A statewide meeting is significant not only for the vast show of popular opposition to the entrenched PRI domination, but as a preview of national assemblies. The talk is of a constitutional changes.
The present coalition - and this is not a teachers' strike; it's a social movement spear-headed by Section 22 - hopes asambleas will replace the elected legislature controlled by the PRI. The custom in Oaxaca, as in Zapatista territory, is that the leaders are those who carry out the commands of the people.
The first meeting of APPO on June 14 elected by vote the Comisión Directiva Provisional, the Committee of Provisional Directors, which is comprised of three representatives each from the Front of Democratic Unions and Organizations of Oaxaca (FESODO); the Promoter of National Opposition to Neoliberalism); Section 22 of the teachers' union; students of all levels; the non-governmental organizations; and all seven of Oaxaca state's regions - 36 people.

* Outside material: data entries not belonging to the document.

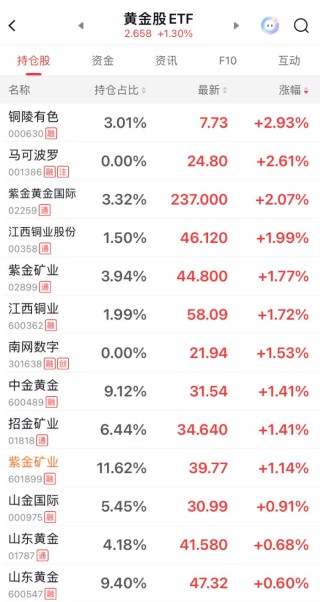 突发！黄金直线拉升，突破5200美元；白银站上90美元，国投白银LOF大涨超9%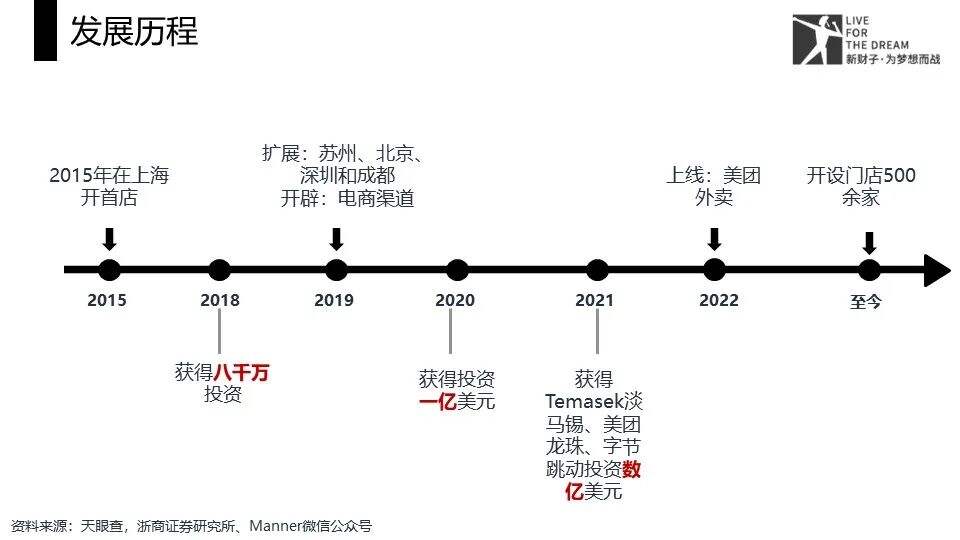 广告人干货库 咖啡界的隐藏巨头——浅析MANNER咖啡的成功之道-广告人干货库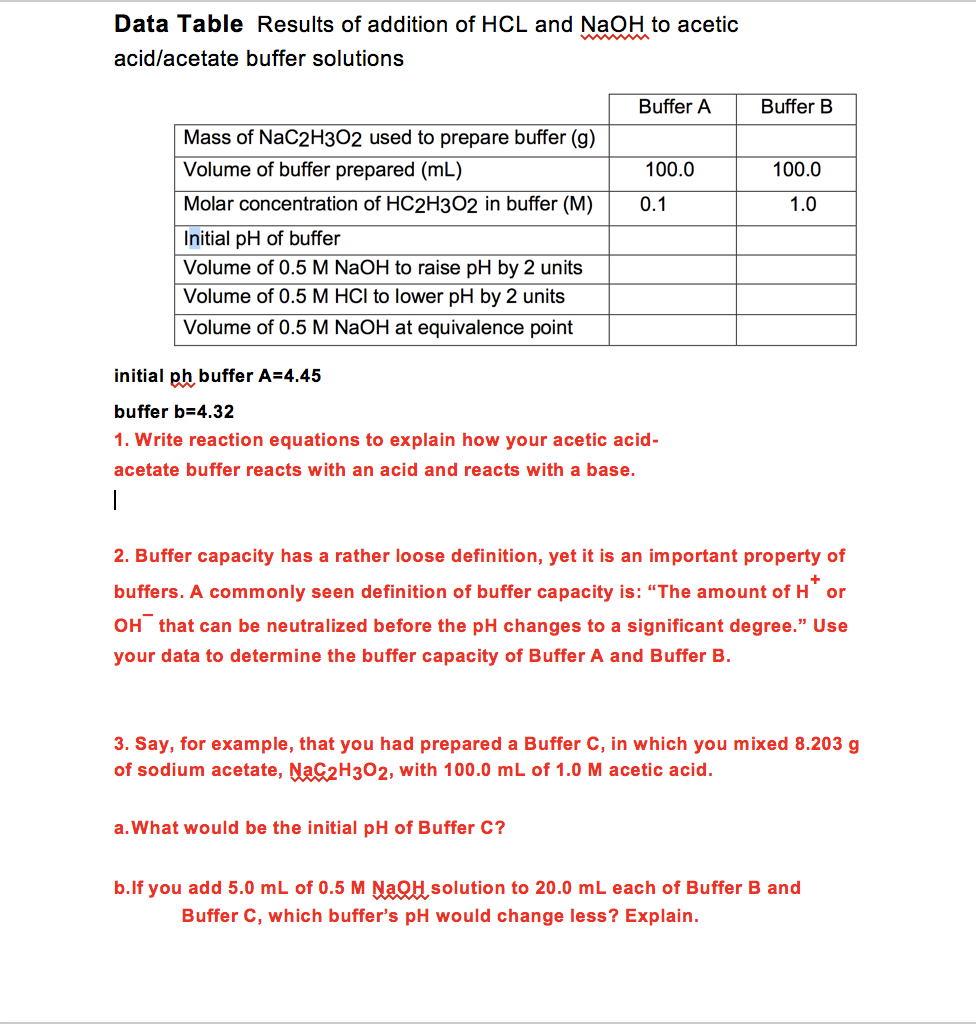 solved: data tableresults of addition of hcl and naoh to a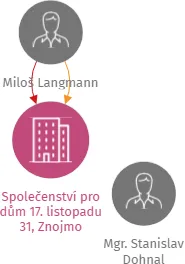 Společenství pro dům 17. listopadu 31, Znojmo, IČO: 28336356: vizualizace vztahů osob a společností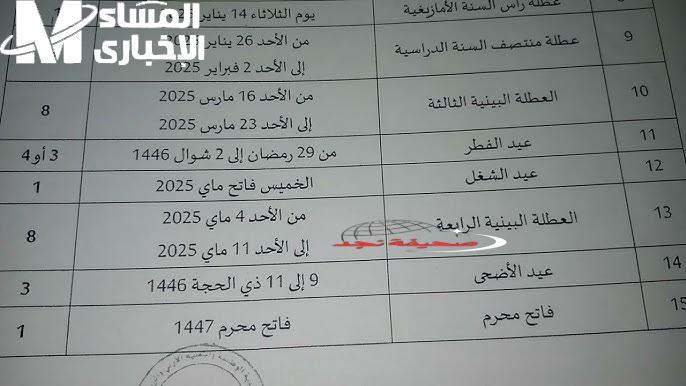 أخبار المغرب: الإجازة قربت، العطلة الربيعية فرصة ذهبية للطلبة والمدرسين باش يضربوا أحلى راحة وتغيير جو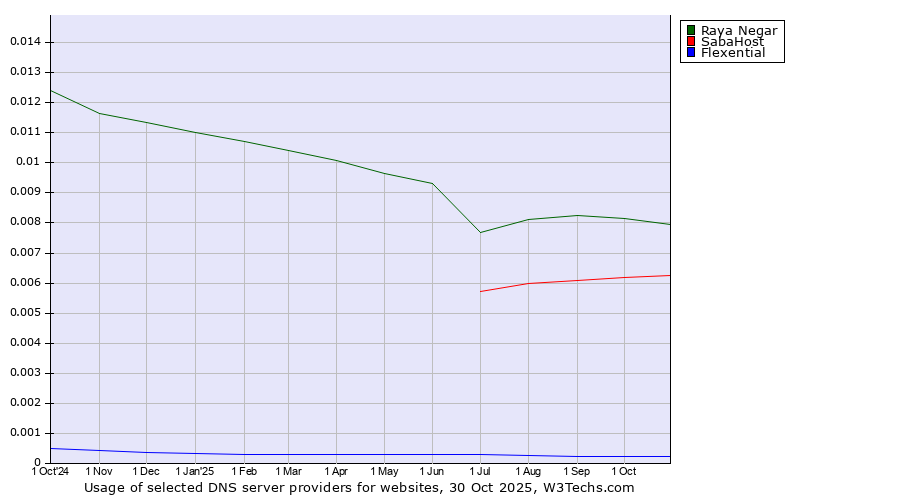 Historical trends in the usage of Raya Negar vs. SabaHost vs. Flexential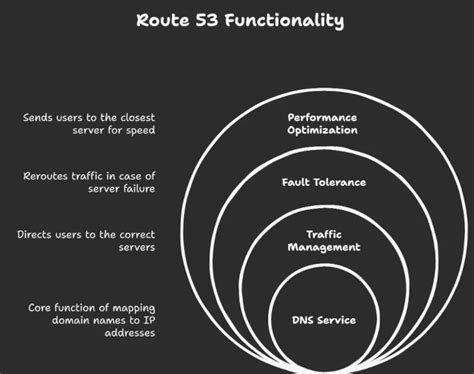 Image result for Salesforce to AWS S3 Integration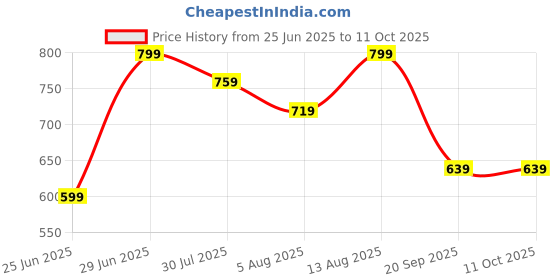 myntra.com indus route by Pantaloons Men Printed Flared Sleeves Thread Work Kurta indus route by pantaloons Price History Graph from 25 Jun 2025 to 10 Oct 2025
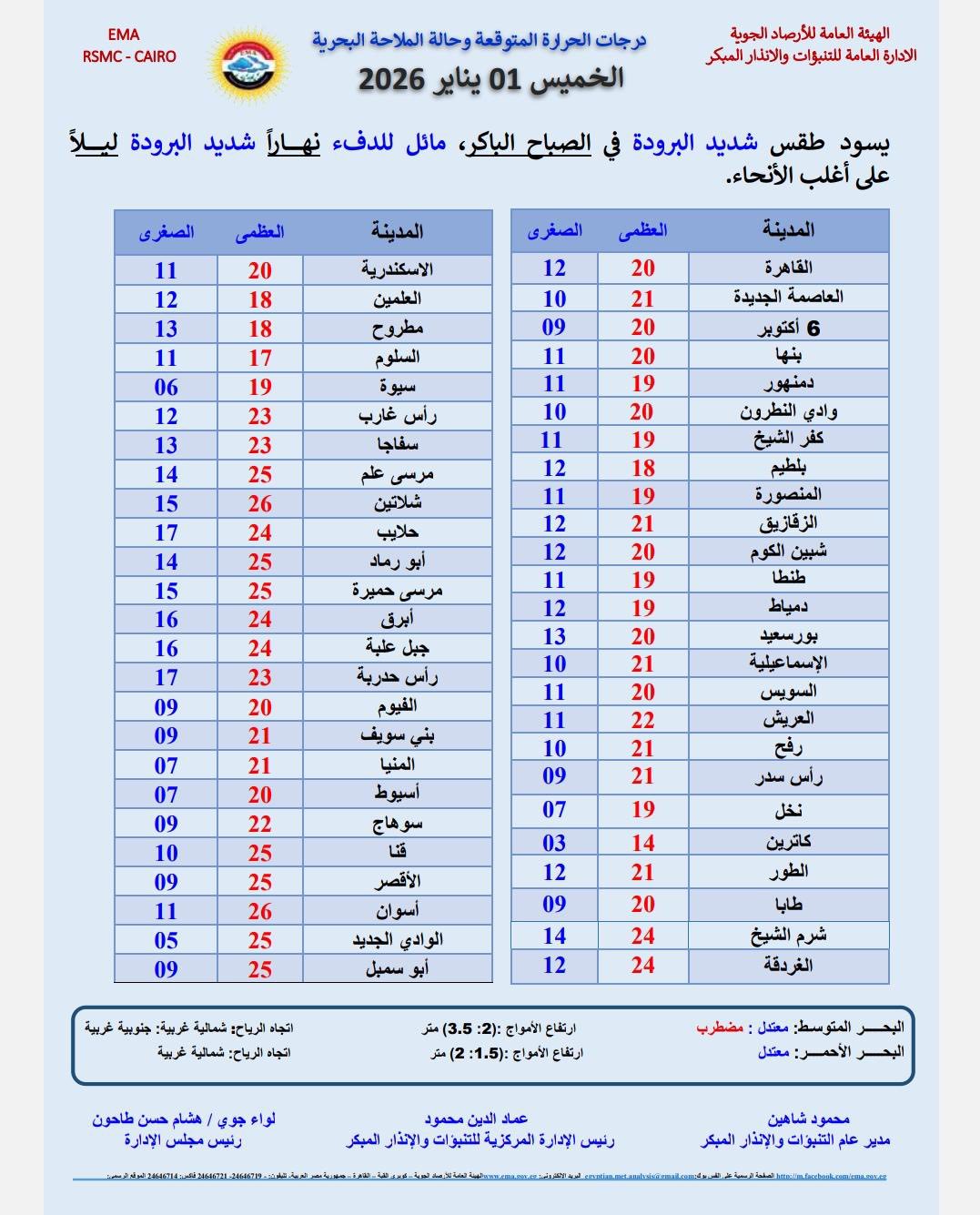 الأرصاد تحذر: أمطار على السواحل الشمالية وشبورة كثيفة واضطراب بالملاحة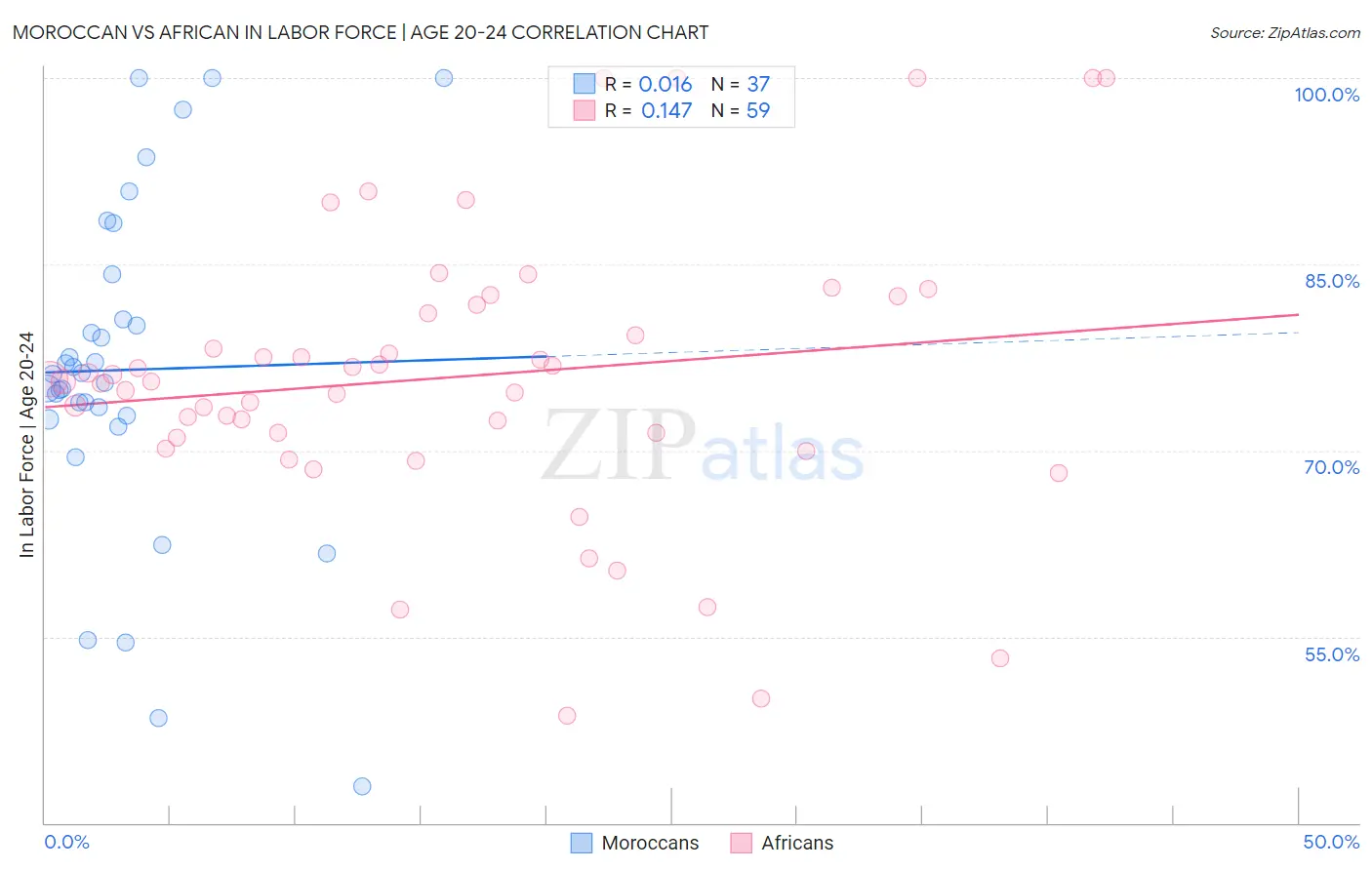 Moroccan vs African In Labor Force | Age 20-24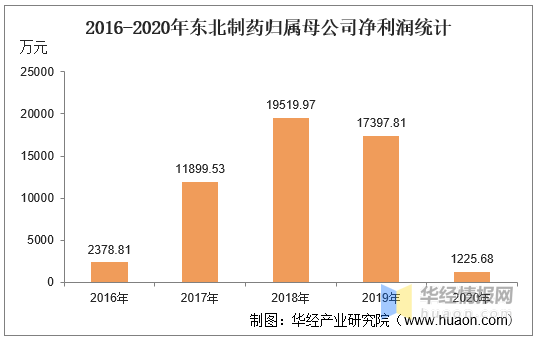 東北制藥股吧最新消息深度解析，東北制藥股吧最新消息深度解讀與分析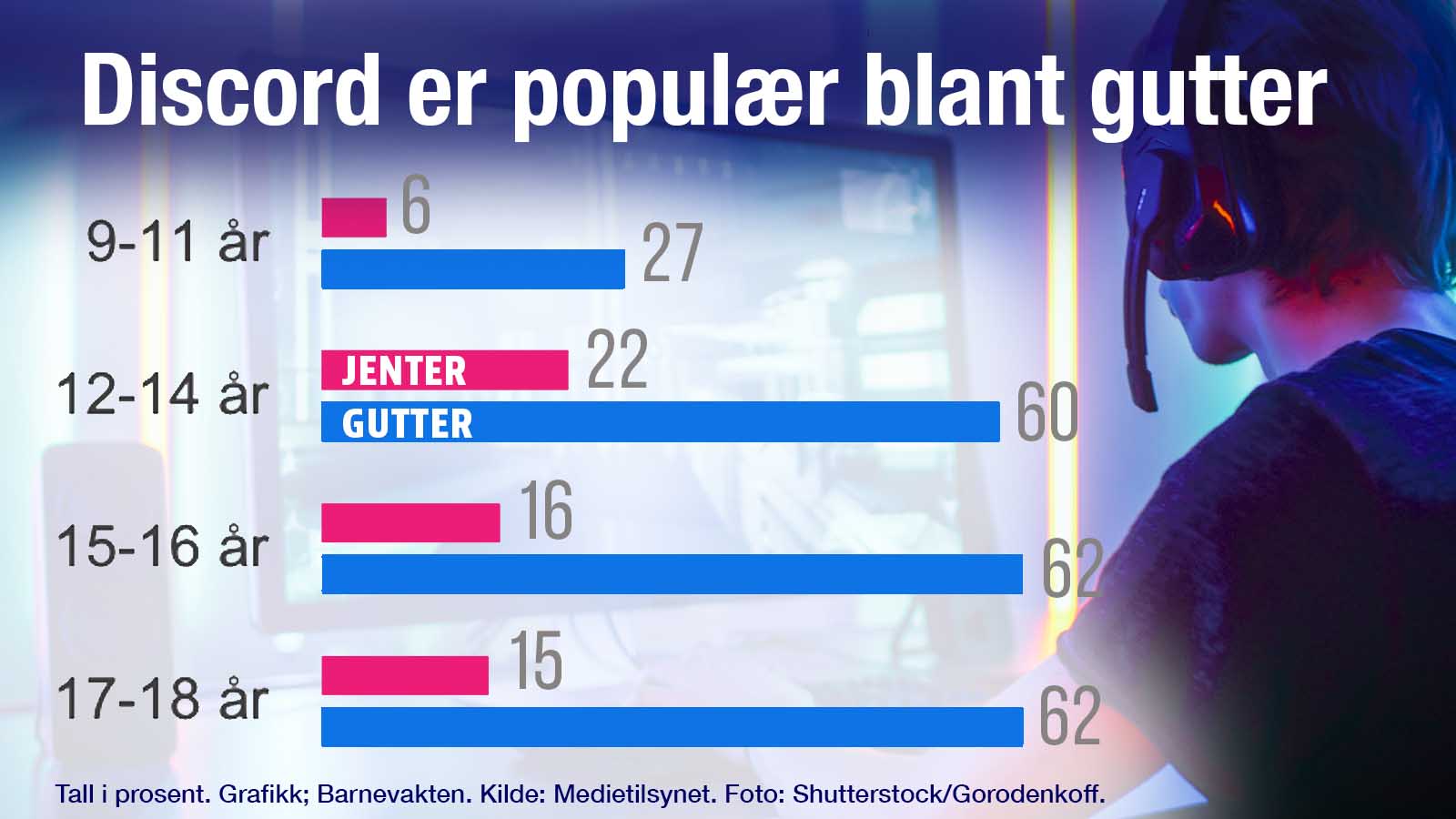 Bildet viser grafikk med liggende søyler og statistikk.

The Provisional Directors formed the base for establishing the Popular Assembly. The APPO, as the Assembly is known in its Spanish initials, after its initial formation, now claims to function by consensus.
Approximately 40 percent of the state's local municipal government offices have fallen into the hands of supporters of Section 22. Oaxaca contains 570 municipios, or county seats, some of which serve large territories in the mountains and encompass perhaps 20 or 30 small towns. Towns in the mountains which are also designated municipios contain smaller villages called agencias, like Russian dolls within dolls. The mayors of 80 towns are teachers by trade, some party-affiliated and some appointed by traditional popular processes (known as usos y costumbres).
The towns in the mountains, which include speakers of 16 different indigenous languages, have long been ripe for organized opposition to the PRI. Some of them contain sophisticated populations like the people of Guelatao. Guelatao is the birthplace of Benito Juárez and the home of Jaime Martinez Luna, one of the original social philosophers on the implications of traditional usos y costumbres in confrontation with individualism, NAFTA and neoliberalism.
In the more passive, poor and repressed towns, a PRI vote is bought with a bag of cement. These are the people who obey PRI caciques (local bosses) in order to obtain the minimum for survival.
One might wonder if remittances from the United States and other cities in Mexico are having another unexpected result. With this new source of income from relatives abroad, has the PRI lost the leverage to buy families' votes with small hand-outs?
By June 27, the day before the fourth mega-march, teachers had occupied the municipal offices of 22 of the larger county seats, which had been previously governed by political operatives. PRI officials were locked out. The 22 towns in rebellion include some from the southern coastal tier, and from another tier that crosses the Sierra Norte to the Cuenca de Papaloapan, reaching to the border with Veracruz.
Ulises Ruiz forgot there's a teacher in every town. Maybe he forgot that the number of teachers statewide is nearly 70,000. The population of the entire state is between 3,500,000 and 4,000,000.
The national election for president takes place on July 2.